Under Doug Nelson’s leadership, Casey has boosted social investing externally and internally, says Sharon B. King, president of the F.B. Heron Foundation in New York. “Doug has been enormously helpful to the mission investing movement,” says King. “He took on a very public role in presenting the rationale for mission investing—and he took Casey beyond talk to tangible.”
In 2007, Casey joined with Heron and Meyer Memorial Trust, of Oregon, to launch the More for Mission Campaign, which challenged foundations to increase “social investing” by $10 billion within five years.
Casey also helped build the field by co-founding the PRI Makers Network, an affinity group of foundations that make social investments. And Casey, along with Meyer and Heron, provided support when a leading investment consultant to foundations— Boston-based Cambridge Associates—created a mission-related investing group in 2007.
Internally, Casey’s allocation of the endowment for social investing has grown from $20 million in 1998 to $125 million in February 2010. Casey developed an expert in-house social investing team and to date has invested $64 million.
“Doug emphasizes that we use our social investments to make markets work,” says Velasquez. “We often go in and either fill the gap by providing the last piece of financing needed to make something happen or sometimes we’re the very first ones, providing credibility, kind of like the Good Housekeeping Seal of Approval.
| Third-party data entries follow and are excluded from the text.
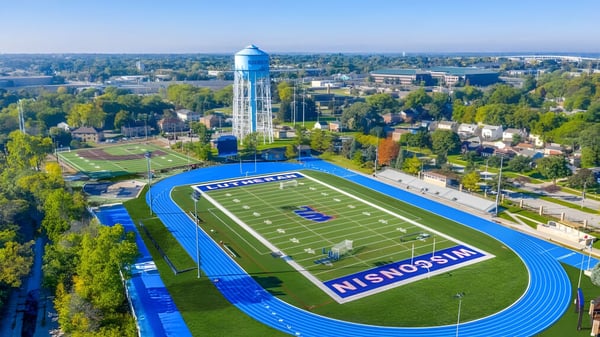 Das große Footballfeld mit blauer Laufbahn auf dem Gelände der Wisconsin Lutheran High School zeigt im Hintergrund die Stadtsilhouette mit einem hohen Wasserturm.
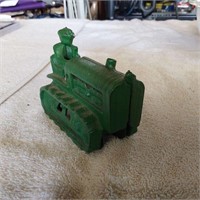 Green cast iron tractor on wheels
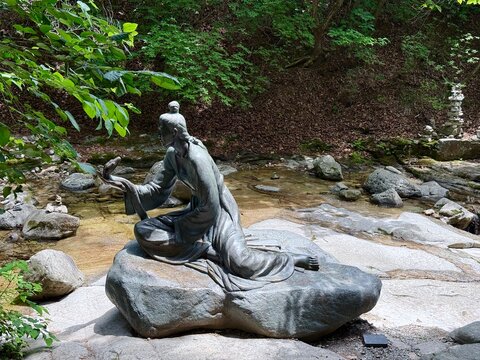 Chuncheon, South Korea - June 24, 2026: The statue that depicts the story of Princess Pyeongyang and the man who loved her and turned into a lovesick snake clinging onto her around Goryeoseonwon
Or we’ll finance a project and hope that if it proves successful, our funds will eventually be replaced by the traditional capital markets.”
Nelson’s passionate advocacy of social investing as a way for foundations to spend more of their wealth to do good and to encourage private markets to do good has encouraged more foundations to take some risk, by marrying investments with grants.
“Doug has always recognized the limitations of philanthropy, that its resources are finite, and that if we really want to be a game changer, we have to leverage more sources of capital from the markets themselves,” says Gary Hattem, chair of the board of Living Cities, a philanthropic collaborative that includes Casey.
For Meyer Memorial Trust, a 2006 speech by Doug Nelson at the PRI Makers Network’s first conference, urging foundations to not only spend more of their assets but to spend differently, was a turning point.
“I remember being struck by his clear commitment to going well beyond traditional grant making and utilizing all assets of the foundation to the greatest extent possible,” recalls Douglas Stamm, Meyer’s chief executive officer. “It had a significant impact on me and my trustees in the audience as well as on other foundations.
“I give Doug, personally, and the Foundation, within the industry, tremendous credit for moving mission related investing—which is all about having greater impact in what we do—from a very nascent stage just a few years ago to the mainstream,” says Stamm. “It is now one of the most consequential topics in the field.”